You Kicked Me in the Guts, Barefoot

Scott,

I was really disappointed by your comments last week to Melanie.

While I agree that framing the husband’s gambling expenditure as “what else could that money be used for” was a good idea, the way you said it felt like a kick in the guts to women:
 
“After all, he’s got a 1-in-140 million chance of winning the jackpot … but if he saved up his money and splurged on  a romantic night away with you (without the kidlets) … well, I’ll leave it up to you to explain his odds of hitting the jackpot.”

She is not an object to be bought or gambled upon. You have objectified her and mailed that out to your many followers. Her ‘putting out’ as a reward for attention and money is also playing into an old and damaging trope of women’s power and value only being in the pleasure we provide for men. It stinks of misogyny. You can do better, and Melanie (and the rest of us) deserve better than that.

Sally


Hi Sally

I’m sorry for offending you.

You need to know that you are not alone — I have been offending people for years.

(Recently I was accused of misandry — hating men — so I am at least an equal opportunity offender.)

In fact, these days I often run my column past my wife, just to make sure I edit out, in her words, “the country boy”.

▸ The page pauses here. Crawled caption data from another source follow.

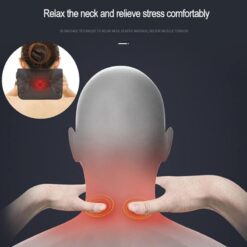 JINSERTA Car Massage Neck Support Pillow Seat Back Support Headrest Pillow Simulation Human Massage Travel Pillow Accessories color: Beige-Neck-Massage|Beige-Neck-Normal|Beige-Waist-Massage|Beige-Waist-Normal|Black-Neck-Massage|Black-Neck-Normal|Black-Waist-Massage|Black-Waist-Normal|Coffee-Neck-Massage|Coffee-Neck-Normal|Coffee-Waist-Massage|Coffee-Waist-Normal|Red-Neck-Massage|Red-Neck-Normal|Red-Waist-Massage|Red-Waist-Normal  Neck and back massage NEW Best Sellers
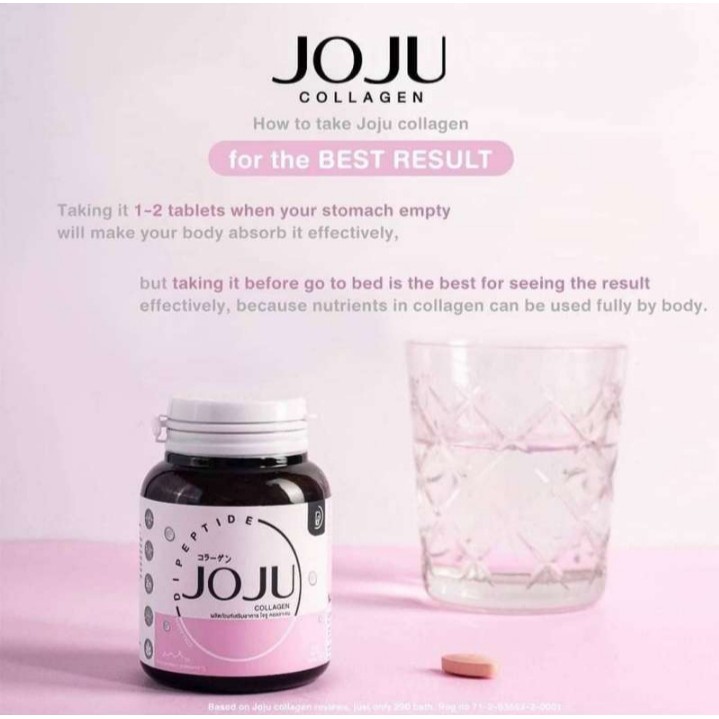 {COD} NEW JOJU COLLAGEN 30 TAB By PRIMEROSE THAILAND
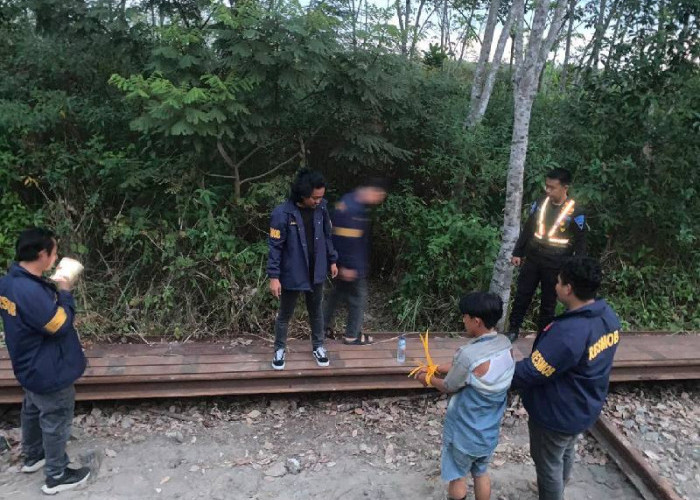 Sinergi KAI dan Polres Way Kanan Berhasil Bongkar Kasus Pencurian Rel Kereta Api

(This one must have slipped through the cracks.)

So here are my thoughts.

One of the most difficult things about being in a relationship is managing money. That’s why I’ve written into my plan monthly Date Nights, so couples can talk about things over a nice meal and a wine and stay on the same page.

Perhaps I should have just said that, and left it at that.

Still, I’m a lover not a fighter, and I’ll gamble (almost) everything for love.

So I’ll just apologise and thank you for writing.